One such thing that I believe has been justifiably labelled, is Seasonal Affective Disorder, otherwise known as ‘Winter Blues’ or SAD.
For those that know me, I am someone who lives life away from work, predominantly outdoors – it’s very much my happy place. My wife and I, along with our dog, spend most of our spare time during the spring, summer, and autumn months, in the countryside, walking. I am also a passionate wildlife photographer, so you can imagine I tend to spend more time outside than I do in!
During the winter months, the above is harder… much harder. Who wants to take a walk before or after work in the pitch black?
Compare this: A mid-summer night in the UK typically lasts around 7.5 hours, meaning over 16 hours of daylight. Even when we minus the ‘normal’ working day, we still have abundant opportunities to get out and enjoy some daylight hours. A winter night in the UK on the other hand, typically lasts almost 17 hours and the day starts and ends 4 hours earlier and later. Getting out during daylight hours in the winter is for most of us, almost impossible.
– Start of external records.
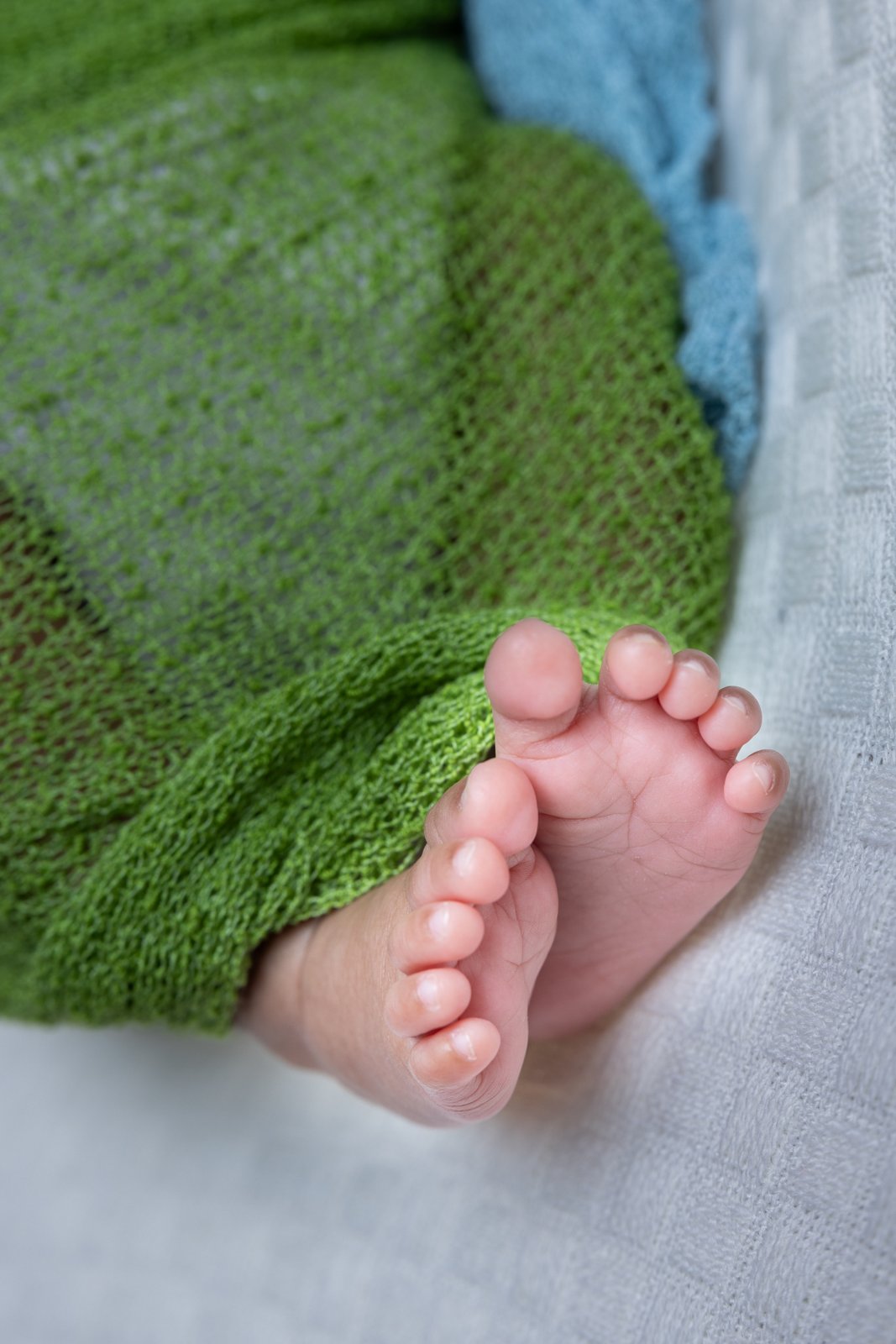 Close-up of tiny newborn feet beneath a green wrap.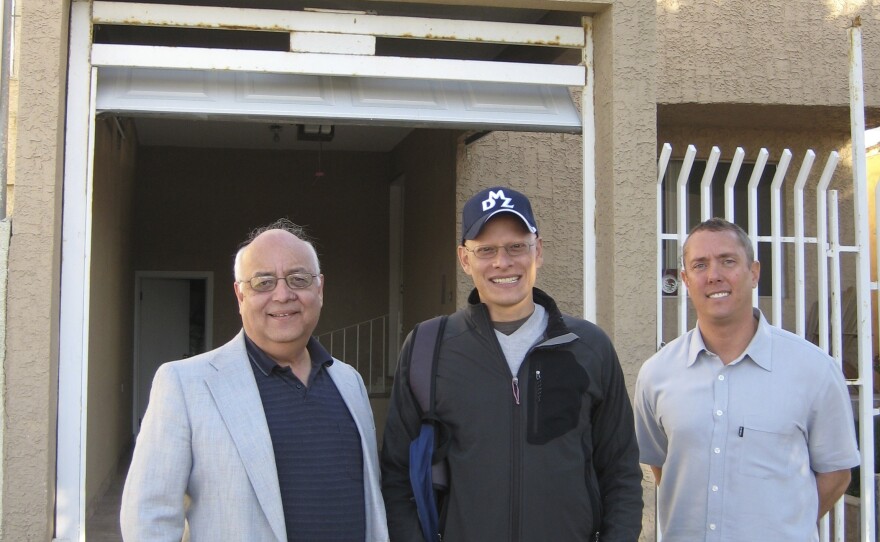 Moises Velasquez-Manoff (center) in Tijuana, Mexico, with Jorge Llamas (left) in front of the clinic where Llamas dispenses parasitic worms, and Garin Aglietti, owner of wormtherapy.com.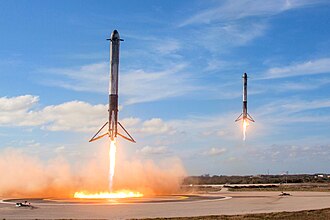 Falcon Heavy side boosters landing during 2018 demonstration mission. Falcon Heavy Side Boosters landing on LZ1 and LZ2 - 2018 (25254688767).jpg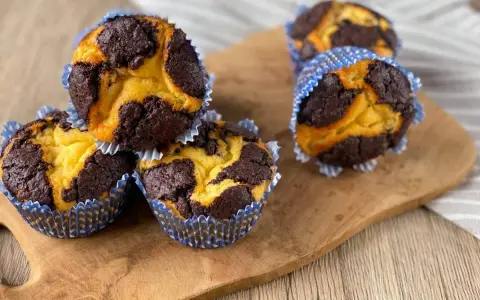 Zupfkuchen Muffins mit Marmormuster aus dunklem Schoko- und hellem Teig in blauen Papierförmchen auf einem Holzbrett.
My mental health is definitely challenged during the winter months – not only do I lack exposure to daylight, but I also struggle to find opportunities to fulfil my passion for photography with chances to get outside in daylight hours so limited. As a result, it would be really easy for my mental health to spiral.
So how do I cope with these seasonal changes?
Self-awareness. Listening to my body and mind. Looking for alternative outlets. Giving myself different focuses and challenges.
A simple quote, that I have started to live my life by more recently is “focus on finding the solution, not on the problem itself”.
I am no expert. In fact, most of the ways that I have learned to deal with my own demons have been discovered through my experiences themselves – not always getting things right the first time, but not giving up, persisting until things improve.
That said, by far the best way of building and strengthening my coping mechanisms have been discovered by talking - sharing experiences with friends. You would be amazed how many people value these types of conversations from both perspectives.
Yes, men do talk, can talk, and should always talk.
Talking is not a weakness, it is a strength and one that may just end up being the difference.